RNN — Next Character Prediction
Simple RNN project to predict the next character in a sequence. Learns character patterns from text using SimpleRNN.
Technologies
What I Did
Built an RNN that predicts the next character in a sequence.
Approach: Use SimpleRNN layer to process character sequences and learn patterns.
Example:
- Input: “hell”
- Output: “o”
How It Works
Step 1: Tokenize characters
- Convert characters to integers
- Build vocabulary mapping
Step 2: Create sequences
- Slide window over text
- Each sequence predicts next character
Step 3: Train RNN
- SimpleRNN processes each character
- Hidden state carries memory
- Dense layer predicts next character
Step 4: Generate text
- Feed predictions back as input
- Generate character by character
Key Concept: Hidden State (Memory)
RNN’s power: hidden state carries memory from previous steps
Input: "h" → hidden state = [memory of "h"]
Input: "e" → hidden state = [memory of "he"]
Input: "l" → hidden state = [memory of "hel"]
Input: "l" → hidden state = [memory of "hell"]
Each step remembers previous context.
Architecture
- Embedding: Convert character indices to vectors
- SimpleRNN: Process sequences with memory
- Dense: Predict next character probability
Main Learning Points
✅ Sequential data has order
✅ Hidden state = neural memory
✅ Time steps = processing one element at a time
✅ Vanishing gradient problem exists (even with RNN)

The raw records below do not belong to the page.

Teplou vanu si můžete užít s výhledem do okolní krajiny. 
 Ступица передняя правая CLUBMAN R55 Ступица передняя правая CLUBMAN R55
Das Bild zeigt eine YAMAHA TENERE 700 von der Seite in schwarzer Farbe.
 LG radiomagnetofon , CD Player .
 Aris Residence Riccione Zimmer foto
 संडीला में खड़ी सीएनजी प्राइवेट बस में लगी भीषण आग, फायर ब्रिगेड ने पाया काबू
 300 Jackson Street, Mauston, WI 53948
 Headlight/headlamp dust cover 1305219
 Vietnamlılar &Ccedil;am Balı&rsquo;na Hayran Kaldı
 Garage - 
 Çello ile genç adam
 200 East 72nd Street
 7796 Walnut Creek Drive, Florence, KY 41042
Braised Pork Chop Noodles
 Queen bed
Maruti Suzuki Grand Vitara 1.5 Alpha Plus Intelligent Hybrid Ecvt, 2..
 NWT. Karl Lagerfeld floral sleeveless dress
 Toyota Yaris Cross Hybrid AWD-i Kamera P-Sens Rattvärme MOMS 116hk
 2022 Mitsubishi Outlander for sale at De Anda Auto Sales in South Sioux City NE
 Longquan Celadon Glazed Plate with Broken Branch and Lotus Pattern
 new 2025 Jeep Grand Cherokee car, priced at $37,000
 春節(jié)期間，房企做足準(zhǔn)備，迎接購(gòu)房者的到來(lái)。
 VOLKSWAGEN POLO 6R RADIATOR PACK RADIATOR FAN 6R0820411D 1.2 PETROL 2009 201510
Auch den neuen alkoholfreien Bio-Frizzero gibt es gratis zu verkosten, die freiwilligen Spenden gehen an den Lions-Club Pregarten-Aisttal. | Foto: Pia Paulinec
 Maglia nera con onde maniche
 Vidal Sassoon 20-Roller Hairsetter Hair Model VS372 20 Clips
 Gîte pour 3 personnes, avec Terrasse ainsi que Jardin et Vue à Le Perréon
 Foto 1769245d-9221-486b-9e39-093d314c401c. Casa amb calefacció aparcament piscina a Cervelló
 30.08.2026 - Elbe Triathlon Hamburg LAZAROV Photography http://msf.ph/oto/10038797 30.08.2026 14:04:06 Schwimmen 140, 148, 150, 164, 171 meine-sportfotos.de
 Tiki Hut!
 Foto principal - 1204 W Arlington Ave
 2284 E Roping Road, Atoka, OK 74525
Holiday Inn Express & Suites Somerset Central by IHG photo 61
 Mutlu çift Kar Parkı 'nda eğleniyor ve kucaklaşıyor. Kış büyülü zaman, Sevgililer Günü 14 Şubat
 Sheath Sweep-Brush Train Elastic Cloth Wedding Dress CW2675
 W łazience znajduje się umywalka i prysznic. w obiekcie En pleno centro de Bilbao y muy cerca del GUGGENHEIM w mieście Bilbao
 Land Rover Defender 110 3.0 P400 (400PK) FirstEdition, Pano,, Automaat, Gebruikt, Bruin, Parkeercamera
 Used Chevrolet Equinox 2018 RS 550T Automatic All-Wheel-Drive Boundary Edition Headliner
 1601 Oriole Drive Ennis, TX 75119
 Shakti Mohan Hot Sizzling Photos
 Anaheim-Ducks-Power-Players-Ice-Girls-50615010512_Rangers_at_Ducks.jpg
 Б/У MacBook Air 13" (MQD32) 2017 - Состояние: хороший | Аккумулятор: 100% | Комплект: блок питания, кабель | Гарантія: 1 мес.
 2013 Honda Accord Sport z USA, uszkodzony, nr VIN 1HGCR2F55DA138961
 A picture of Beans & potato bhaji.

✅ LSTM/GRU are better for longer sequences
✅ Text generation = predict one character, feed back
What Happens Inside
Each time step:
new_hidden = activation(input_weights × current_char + hidden_weights × previous_hidden)
This recurrence is why it’s called Recurrent Neural Network.
Limitations
- SimpleRNN struggles with long sequences (vanishing gradient)
- Can only see past, not future
- Slow compared to Transformers
GitHub
🔗 RNN-Project-Next-Character-Prediction
See the repository for full implementation.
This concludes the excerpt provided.